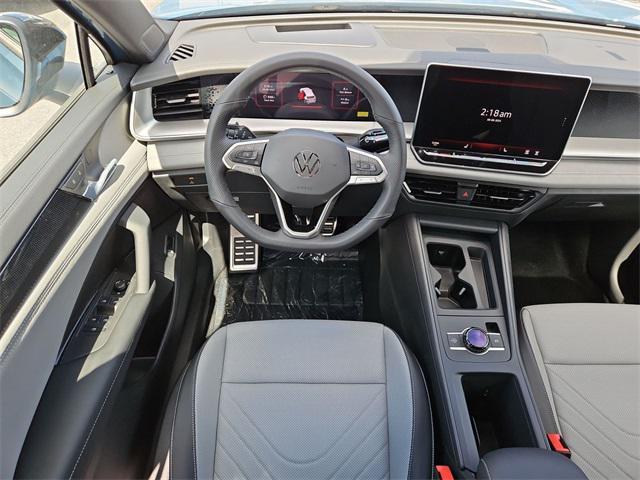 new 2025 Volkswagen Tiguan car, priced at $35,889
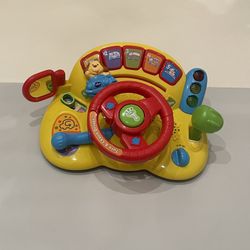 VTech Driving Toy 
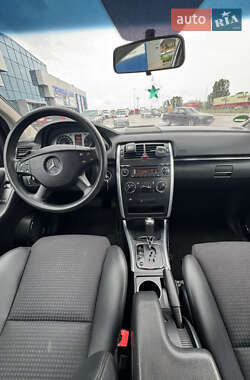 Хэтчбек Mercedes-Benz B-Class 2007 в 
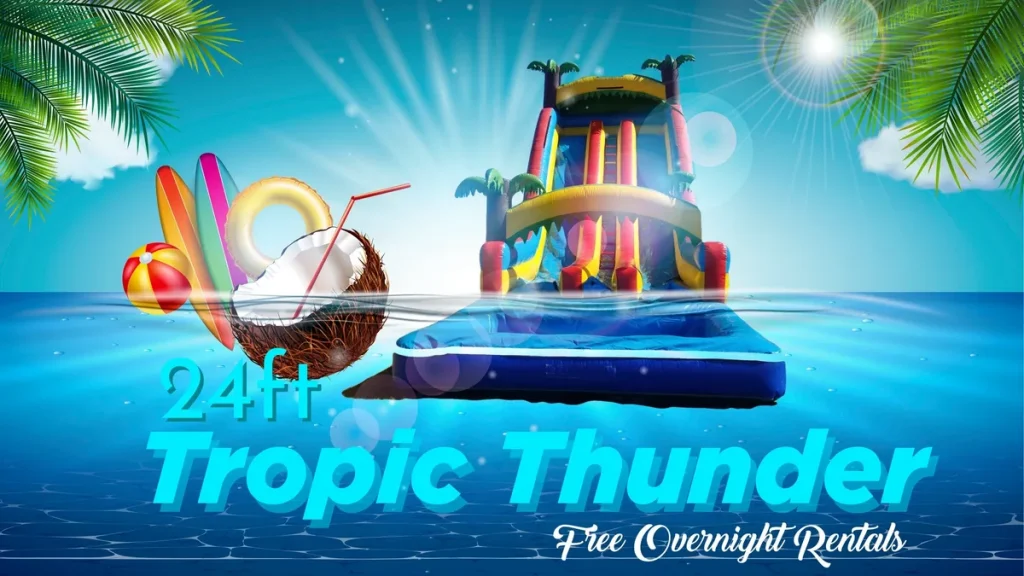 rsw 1200cg true 5 24ft Tropic thunder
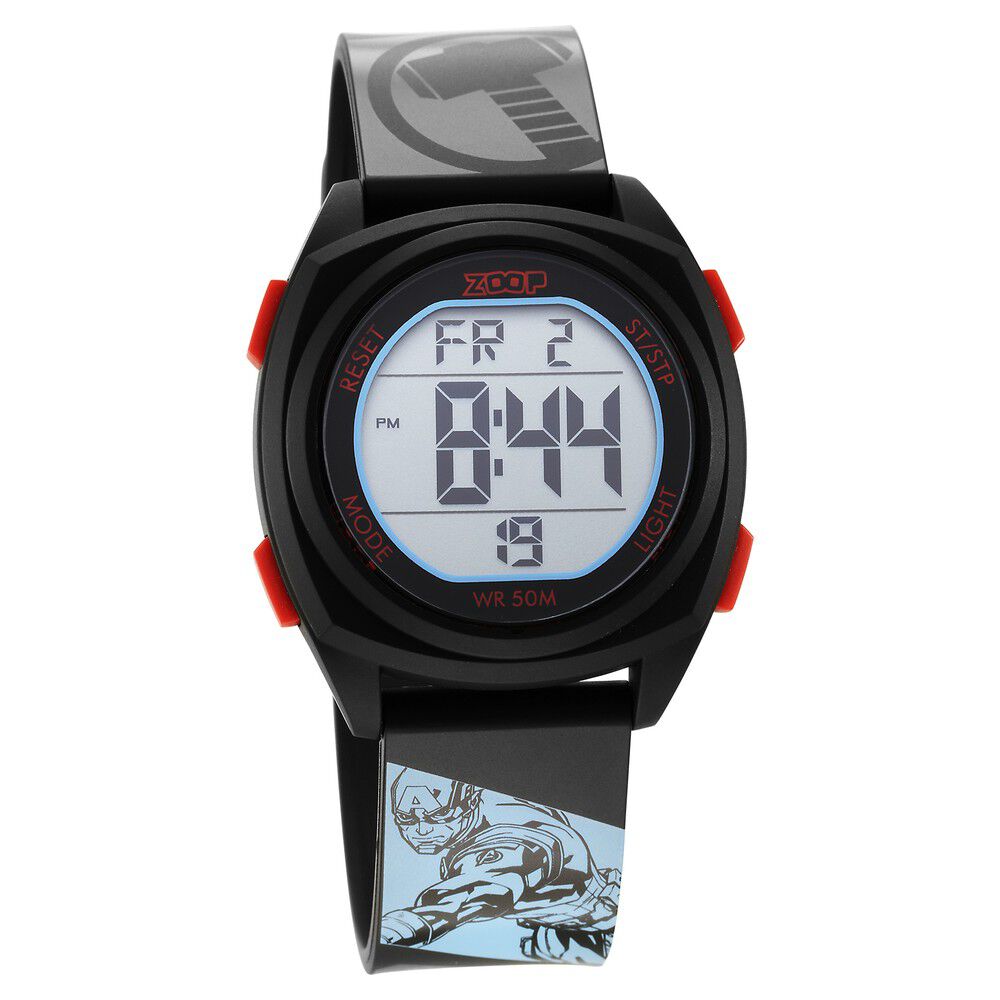Marvel avengers digital watch sales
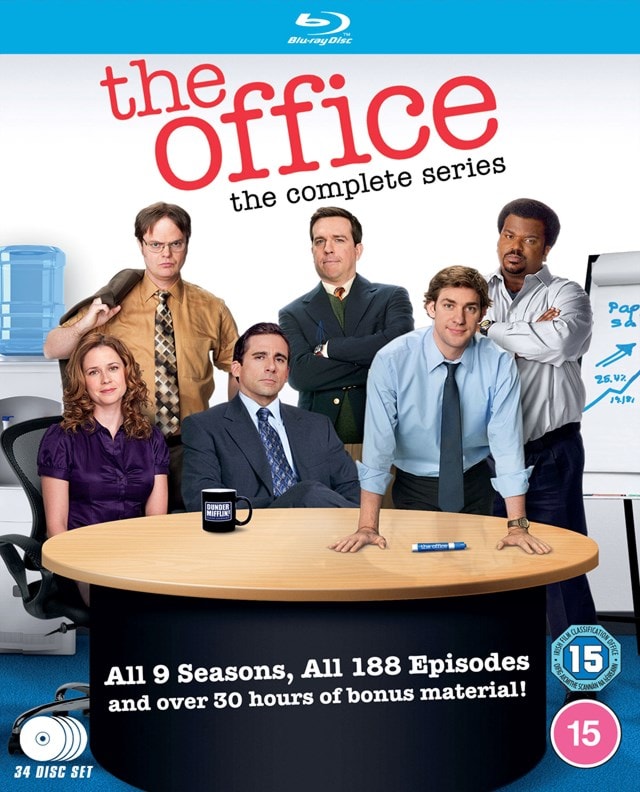 The Office: The Complete Series - 1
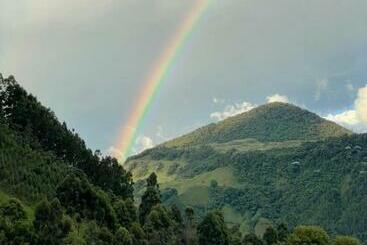 هتل Gulupa Ecolodge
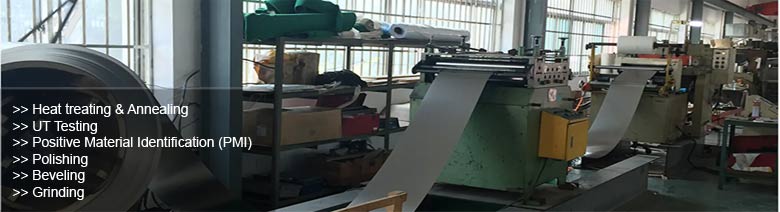 Value Added Services Of Uns N08800 Incoloy 800 Foil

**WORK INSTRUCTIONS**
A word-for-word copy of all the data, without pictures, is the expected output.

**THE COMPLETED TASK**
 new 2025 Volkswagen Tiguan car, priced at $35,889
 VTech Driving Toy 
 Хэтчбек Mercedes-Benz B-Class 2007 в 
 rsw 1200cg true 5 24ft Tropic thunder
Marvel avengers digital watch sales
 The Office: The Complete Series - 1
 هتل Gulupa Ecolodge
 Value Added Services Of Uns N08800 Incoloy 800 Foil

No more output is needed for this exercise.